You can see why in the exit polls along gender gap. Trump added 5 percent to the GOP margin among men (53-41 percent), while Clinton, the first female nominee of a major party, added only 1 percent (54 to 42 percent) to Obama's spread among female voters. Trump carried the suburbs by 5 points (50-45) whereas Obama narrowly carried the suburbs in 2008 and tied Romney among suburban voters in 2012. This swing in the suburbs was fatal to Clinton given the bump in margin and turnout Trump got from exurban and rural white voters.
Had Comey made but one announcement that the emails were looked at and there would be no prosecution, Clinton would probably have won in the Electoral College, because Trump would have remained the center of attention, but her chronic underperformance problems with these key voting blocs would still have existed.
Which directs us to the final lesson to be learned. Democrats must learn relearn how to play the Al Smith card.
As governor of New York, Al Smith learned to knit together larger crazy quilt coalitions on behalf of social justice around industrial reforms (especially women and children) among folks who did not much like to socialize with each other (among the emerging ethnic groups in the early 20th century: Irish, Italian, Eastern European and Jewish voters) in the industrial North and Midwest. Smith did that weaving issue-based coalitions uniting disparate constituencies, rather than pursuing identity politics, given the rivalries within his party's ethnic stew.

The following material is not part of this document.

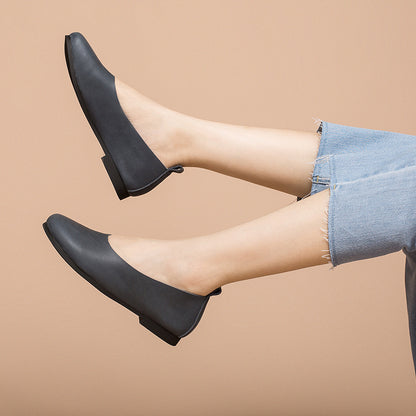 Cowhide Solid Color Slip-on Flat Shoes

Today, the Democrats desperately need to give working-class whites and struggling middle-class white families the real feeling based upon style as well as substance – that they are fighting for them when they speak for social justice. Knitting together the common aspirations of both white and minority working-class voters is essential for the Democrats, without losing in the fiscally conscious suburbs may be a tall order but it is essential for political success in 21st century American politics.
Alternatively, if Donald Trump's Republicans want to prevail in future elections as the minority share of the electorate continues to grow (in 2016, the exit polls revealed that the aggregate minority share continued its growth rate of 2 percent per presidential cycle hitting a 30 percent share), they must show working-class minority families in terms of tone and content that their economic message will be of benefit to their families, and not just white families. Especially since the looming Republican control of the White House and both houses of Congress means the GOP will own all that happens over the next two years.
In the final analysis, those pleasantly surprised, as well as those depressingly shocked, by Trump's victory, should remember Churchill's observation. Democracy is the worst form of government except for all others. Both parties’ elected officials and our president-elect need to respect the need to nurture our democracy. They should not presume that bonds won't fray dangerously in our nation.
Because, if our governmental leaders forget that central truth, I believe that the voters will hold them accountable. The old African proverb that Adlai Stevenson brought back from the United Nations is a worthy guidepost: "I have learned that in common places, reason abounds, and that in quiet people there is vision and purpose, and that many things are revealed to the humble which are hidden from the great." Both those who won and those who lost Tuesday's elections would be wise to follow that proverb as a governing creed.
Bruce N. Gyory is a political and strategic consultant at Manatt, Phelps & Phillips LLP and an adjunct professor of political science at SUNY Albany.